RNC Notebook: Pa. delegate has Terrible Towel at the ready
Mike McMullen, of Gibsonia, Pennsylvania, has always made a point of showing his Steeler pride at the GOP’s national gatherings.
So, McMullen didn’t miss a beat when the Pennsylvania delegation to this year’s Republican National Convention was listening to U.S. House Speaker Paul Ryan express his admiration for Pittsburgh’s football team at breakfast on Monday.
McMullen had a Terrible Towel at the ready.
“I threw it at him,” he said.
That put Ryan, a Wisconsin politician who ran with Mitt Romney on the 2012 Republican ticket, in a bit of an awkward spot. Ryan is a part-owner of the Green Bay Packers.

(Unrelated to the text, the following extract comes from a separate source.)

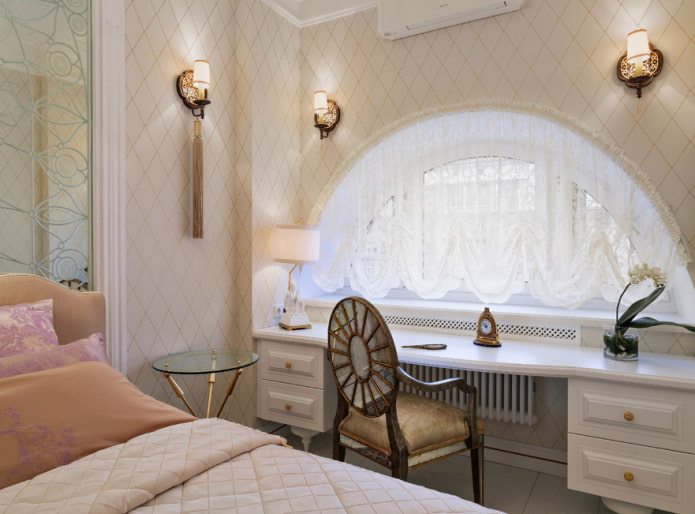arched window decorated with Austrian curtains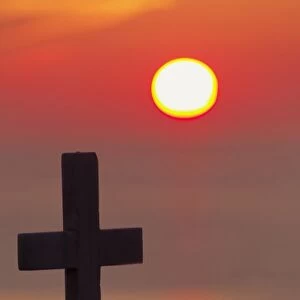 Cross on church at sunset over ocean, Mykonos, Greece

Even so, he gamely took the challenge and picked up the totem of Steeler fans everywhere.
“I hate to do this,” he said. “I want to win this election so darned bad, I’m willing to do this.”

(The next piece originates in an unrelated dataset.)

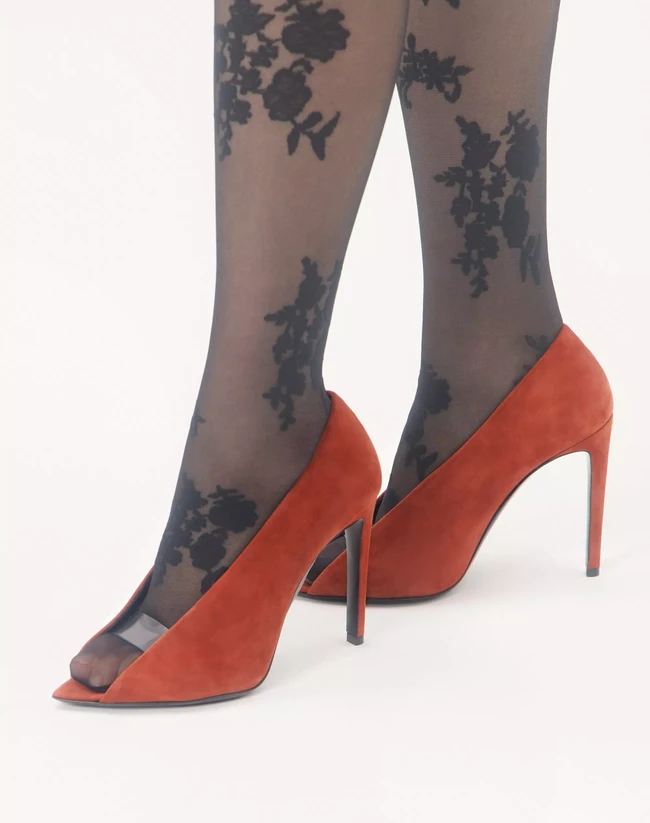 Sepatu terbaru Valentino Garavani, Open Toe Revele Suede Pumps, memiliki desain open toe yang memperlihatkan jari kaki. Terdapat strap transparan berbahan polimer yang melintang di bagian depan sepatu, menciptakan efek seolah jari kaki ‘mengintip’ keluar. Siluetnya yang tidak biasa membuat banyak pengguna internet melontarkan komentar satir, hingga menyamakannya dengan kuku babi. Foto: Dok. Valentino Garavani
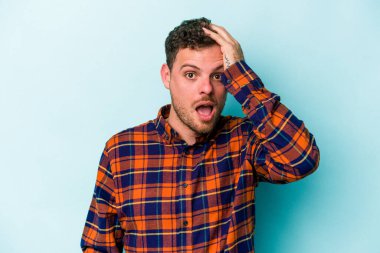 Mavi arka planda izole genç beyaz adam şok oldu, o önemli bir toplantı hatırladı.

Then he waved the Terrible Towel above his head.
Afterward, Ryan posed for a photo with McMullen.
McMullen, an alternate delegate, ran without pledging support for any particular candidate, but he said he voted for presumptive nominee Donald Trump and intends to do so at the convention. Trump won the 12th Congressional District, which McMullen represents, in the state’s GOP primary.
Security detail
Initial reviews from delegates suggest that Cleveland police are ready for an influx of convention-goers and protesters.
“Police have done a great job,” said Gale Measel, a GOP delegate from New Castle, on the convention’s opening day Monday. “They are taking security seriously, and you can see it.”
Among the visible precautions, said Measel, was a police officer was on the bus with Pennsylvania delegates as they headed from their hotel to the convention center.
Ticket punched
Cameron Linton, 22, a native of Hermitage, who now lives in Pittsburgh, got himself elected as a delegate to the Republican convention because he correctly calculated that there wouldn’t be much competition for a spot representing his urban congressional district.
Sure enough, only three candidates ran for three spots in the 14th Congressional District. So Linton, a 2016 graduate of the University of Pittsburgh, has a place on the convention floor.
“I was not a Trump supporter,” he said, but added that he will vote for Trump because the New York real estate developer won 53 percent of the vote in Linton’s district.
Linton said he’d rather that the Republican Party move in more Libertarian slant.
“That’s not the direction voters wanted to go,” he said.
Still, he added, just being at the convention is exciting.